RECORDS FOR THE EXERCISE →
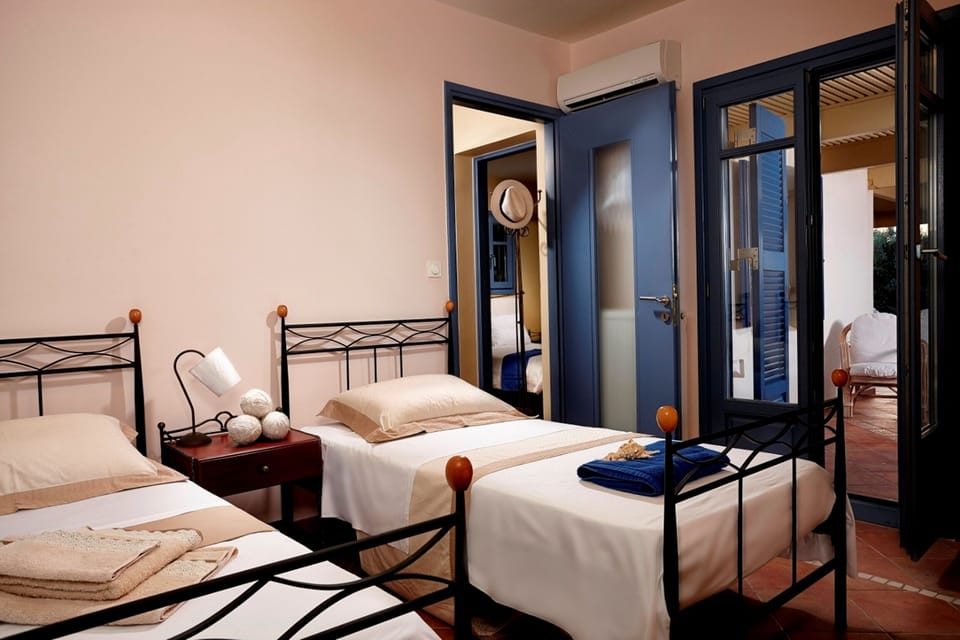 Bedroom 3 *twin beds * spacious veranda shaded by pergola* 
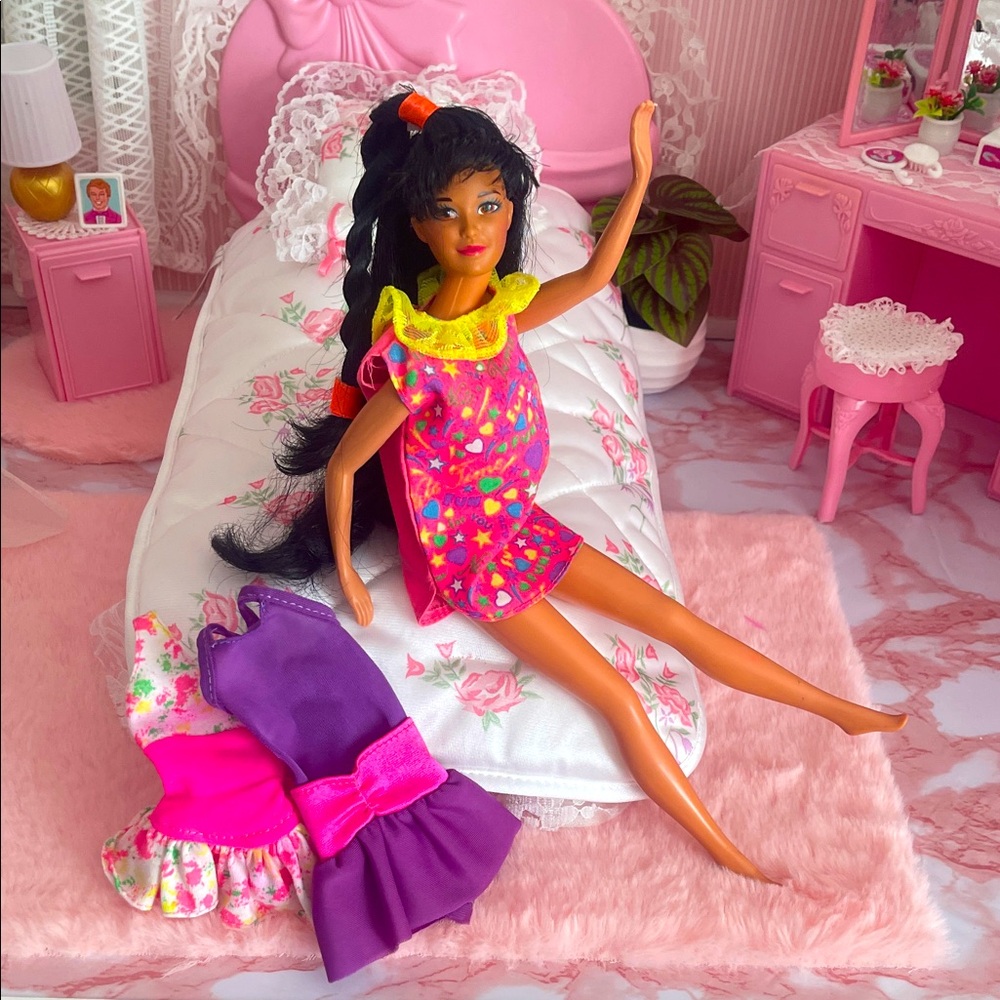 Hawaiian fun Kira Barbie and 3 outfits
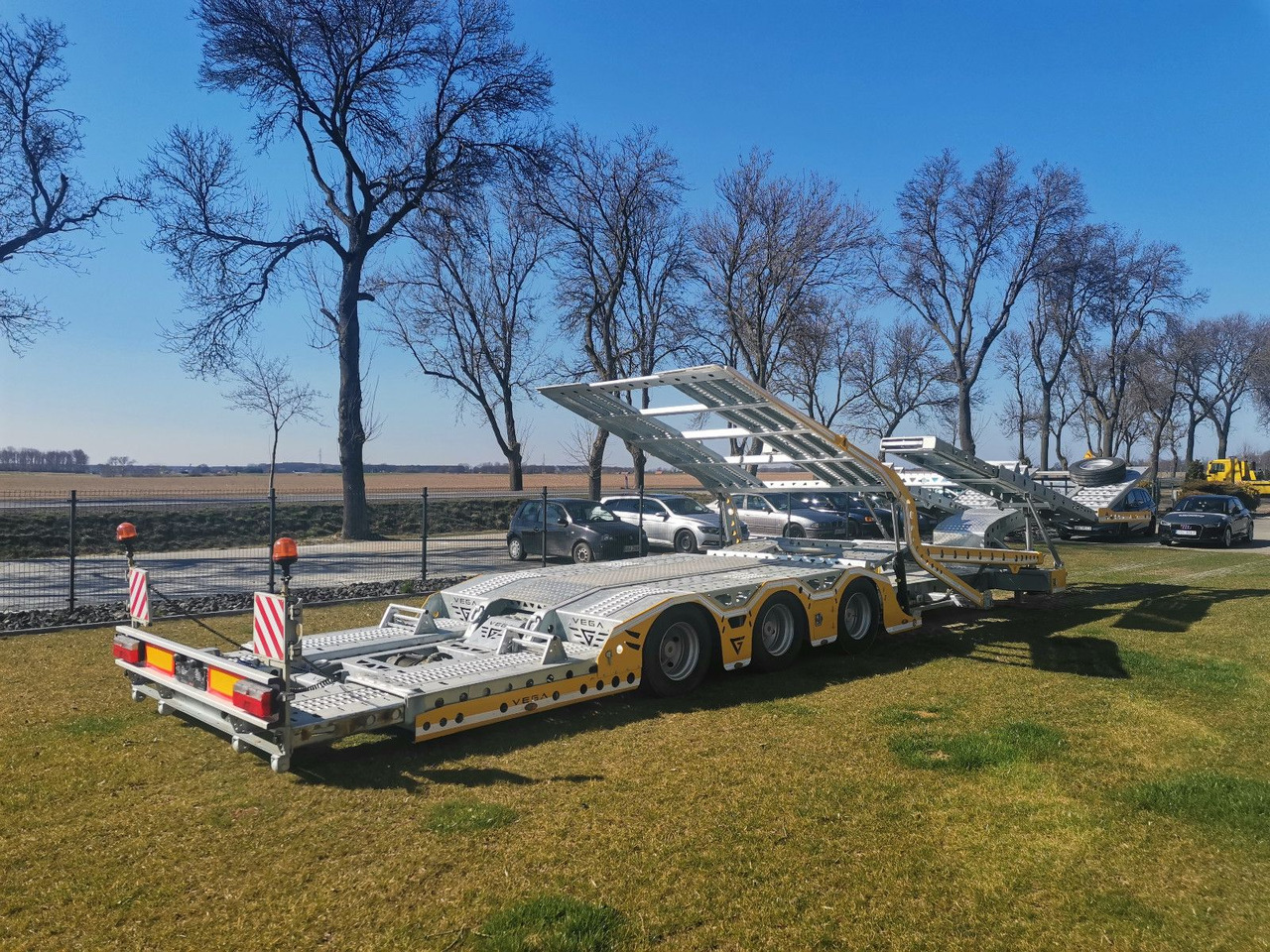 ALPHAMAX 3 AXLE TRUCK TRANSPORTER VEGA TRAILER - Puspiekabe autovedējs: foto 2 ALPHAMAX 3 AXLE TRUCK TRANSPORTER VEGA TRAILER - Puspiekabe autovedējs: foto 2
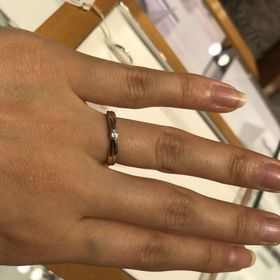 【STAR JEWELRY(スタージュエリー)の口コミ】 プラチナ素材の真ん中にダイヤが一石あるデザイン性のある指輪です。ダイ…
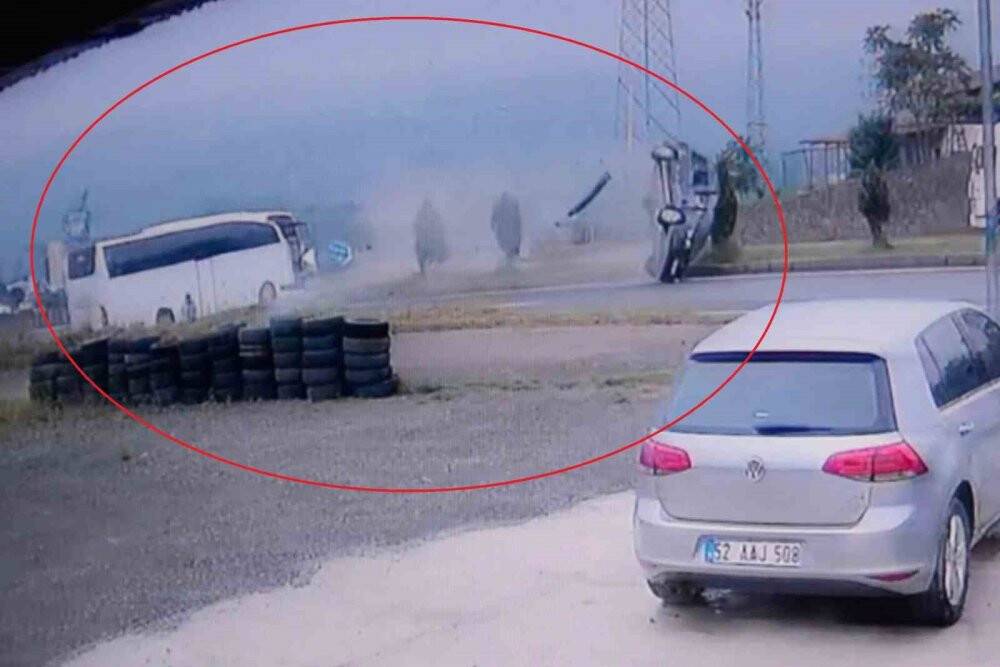 Yolcu otobüsü ile hafif ticari aracın çarpıştı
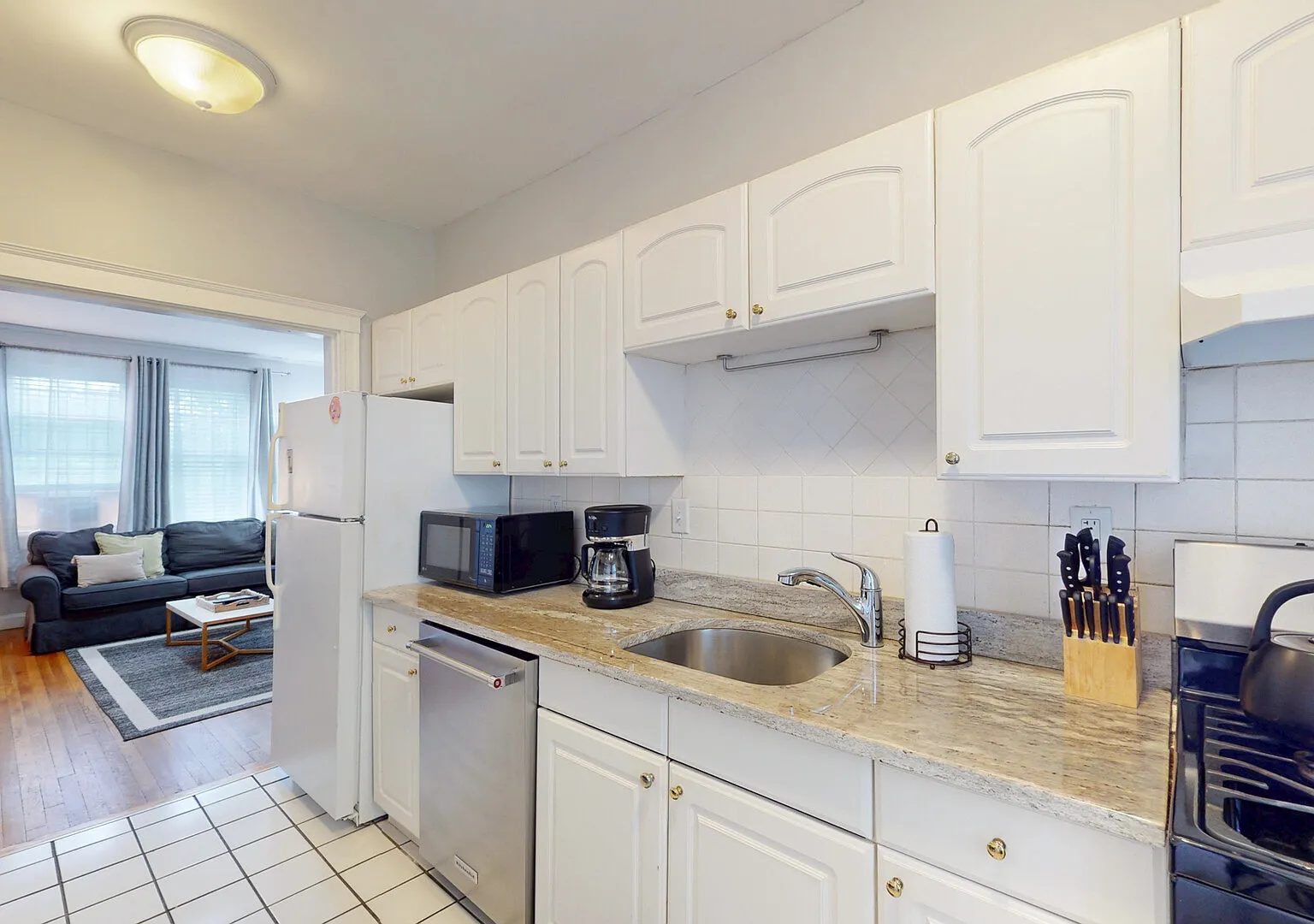 KEN1693 Sunny Brookline Furnished 2-Bed in Longwood Medical Area — Photo 4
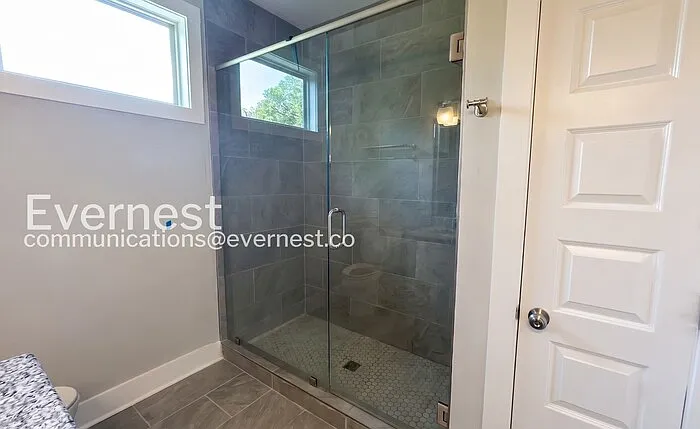 2115 Burns St — Photo 10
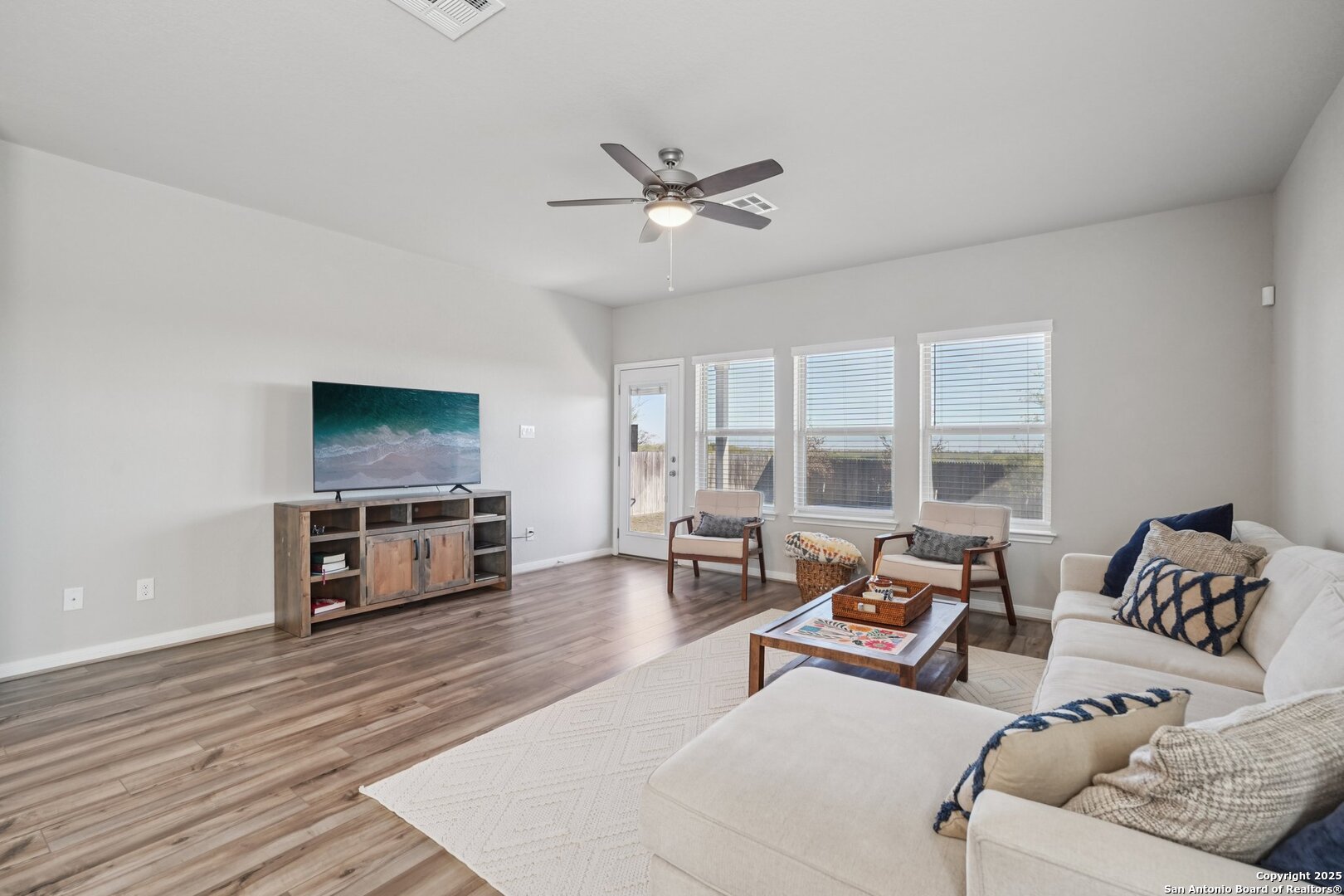 3311 Junction Bay Converse TX 78109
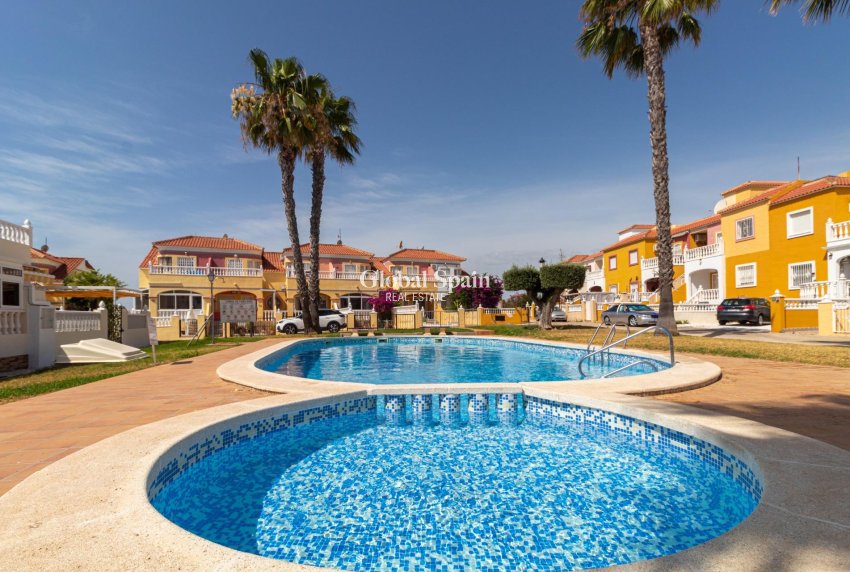 Venta - CASA -
ORIHUELA COSTA - La Regia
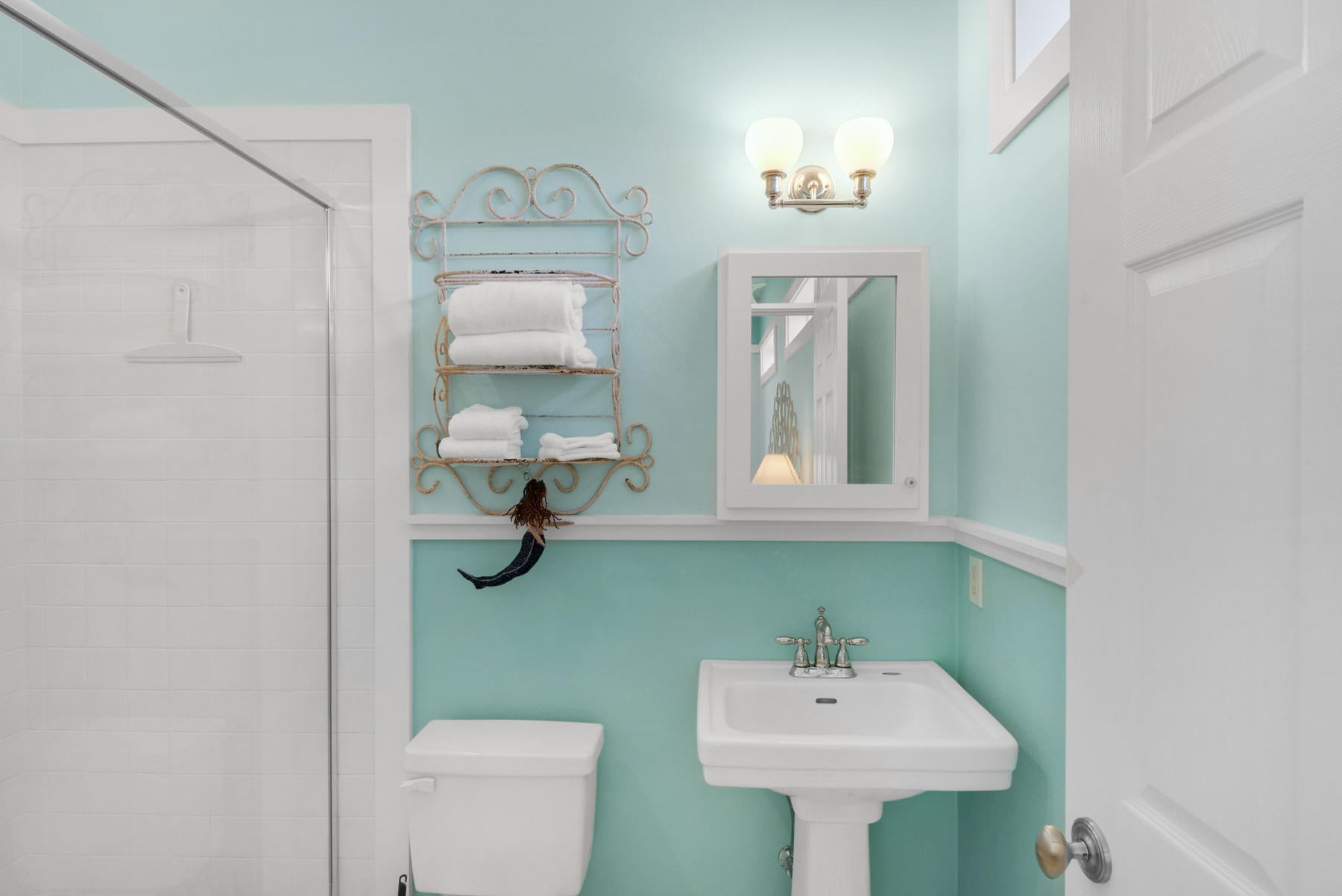 LAKEWOOD ESTATES - Residential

EXERCISE AIM → Print the whole listing again exactly, please. No pictures.

EXERCISE OUTPUT →
 Bedroom 3 *twin beds * spacious veranda shaded by pergola* 
 Hawaiian fun Kira Barbie and 3 outfits
 ALPHAMAX 3 AXLE TRUCK TRANSPORTER VEGA TRAILER - Puspiekabe autovedējs: foto 2 ALPHAMAX 3 AXLE TRUCK TRANSPORTER VEGA TRAILER - Puspiekabe autovedējs: foto 2
 【STAR JEWELRY(スタージュエリー)の口コミ】 プラチナ素材の真ん中にダイヤが一石あるデザイン性のある指輪です。ダイ…
 Yolcu otobüsü ile hafif ticari aracın çarpıştı
 KEN1693 Sunny Brookline Furnished 2-Bed in Longwood Medical Area — Photo 4
 2115 Burns St — Photo 10
 3311 Junction Bay Converse TX 78109
 Venta - CASA -
ORIHUELA COSTA - La Regia
 LAKEWOOD ESTATES - Residential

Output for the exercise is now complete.